An diesen Veranstaltungen nahmen neben Aserbaidschanern auch Einheimische und Vertreter befreundeter Diaspora-Gemeinschaften teil. Die Teilnehmer betonten, dass das Massaker von Chodschali gemäss den UN-Resolutionen als Völkermord einzustufen ist, und hoben hervor, dass bereits 24 US-Bundesstaaten den Chodschali-Genozid anerkannt haben. Sie erklärten, dass Aserbaidschan, die weltweite aserbaidschanische Gemeinschaft und die gesamte türkische Welt eine gerechte Haltung der internationalen Gemeinschaft zur Chodschali-Tragödie fordern. Der Ruf nach “Gerechtigkeit für Chodschali!” erklang immer wieder bei diesen Veranstaltungen.
Darüber hinaus wurde im Rahmen des Projekts “Geschichte Aserbaidschans”, das gemeinsam von der Mediengruppe ELTV in Kanada und dem aserbaidschanischen Kunst- und Kulturzentrum “Veten” organisiert wurde, ein kurzer Dokumentarfilm über die Tragödie von Chodschali produziert.
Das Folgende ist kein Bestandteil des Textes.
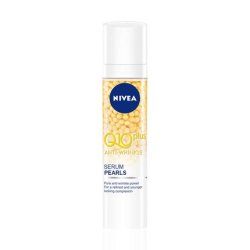 Nivea Anti-Wrinkle Serum 40ml
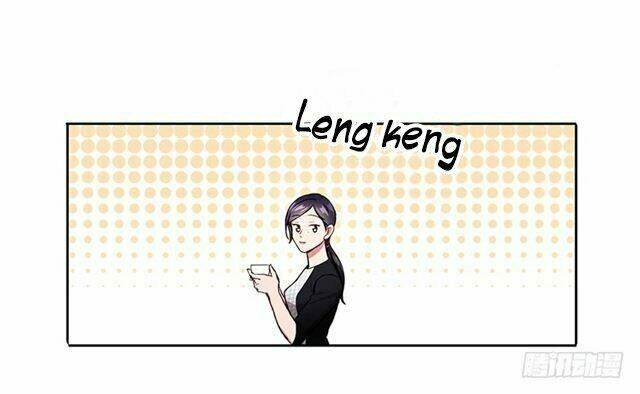 Người Yêu Của Rồng Đen: Chapter 1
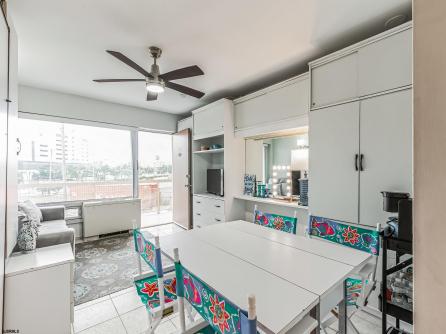 108 Montpelier Ave, 222, Atlantic City, NJ, 08401 Aditional Picture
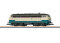 M&auml;rklin 88808 - Diesellok BR 218 446-3 DB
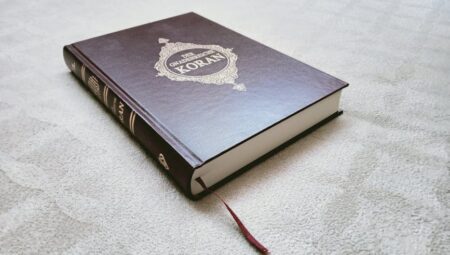 İslam Nedir? İslam Ne Anlama Gelir? Kapsamlı İnceleme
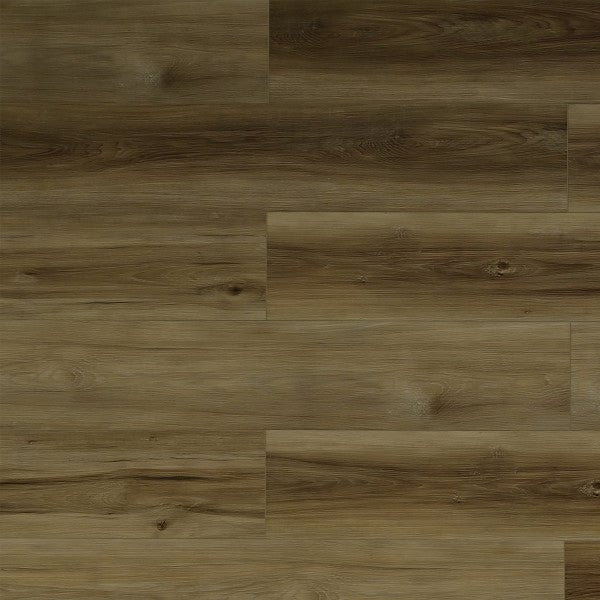 Toucan Vinyl SPC - TFSPC 604 - F - TFSPC604 Paris - D & R Flooring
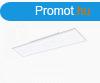 EGLO 98205 SALOBRENA-A LED panel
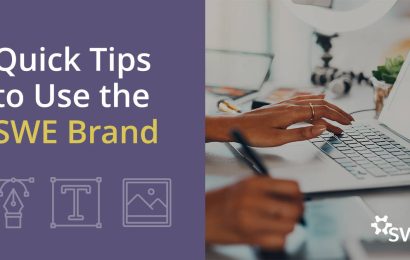 quick-tips-to-use-the-swe-brand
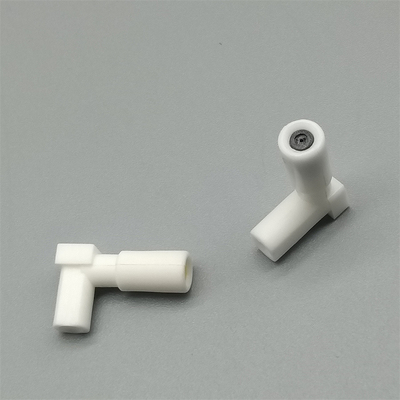 tên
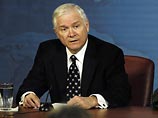 Министр обороны США: "Необходим единый фронт давления на Иран" Министр обороны США: "Необходим единый фронт давления на Иран"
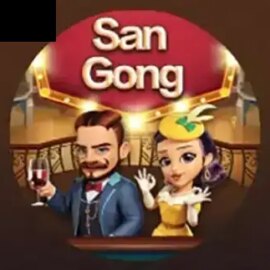 San Gong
Ich bin überzeugt, dass die Diaspora-Organisationen ihre Bemühungen fortsetzen müssen, um die internationale Anerkennung des Chodschali-Genozids zu erreichen. Diaspora-Aktivisten sollten Artikel in den Medien ihrer jeweiligen Länder veröffentlichen, und aserbaidschanische Juristen im Ausland sollten der Gesellschaft erklären, dass es sich bei der Tragödie von Chodschali um einen Völkermord handelt.
Die Welt darf den Chodschali-Genozid nicht vergessen.
Wir fordern Gerechtigkeit für Chodschali!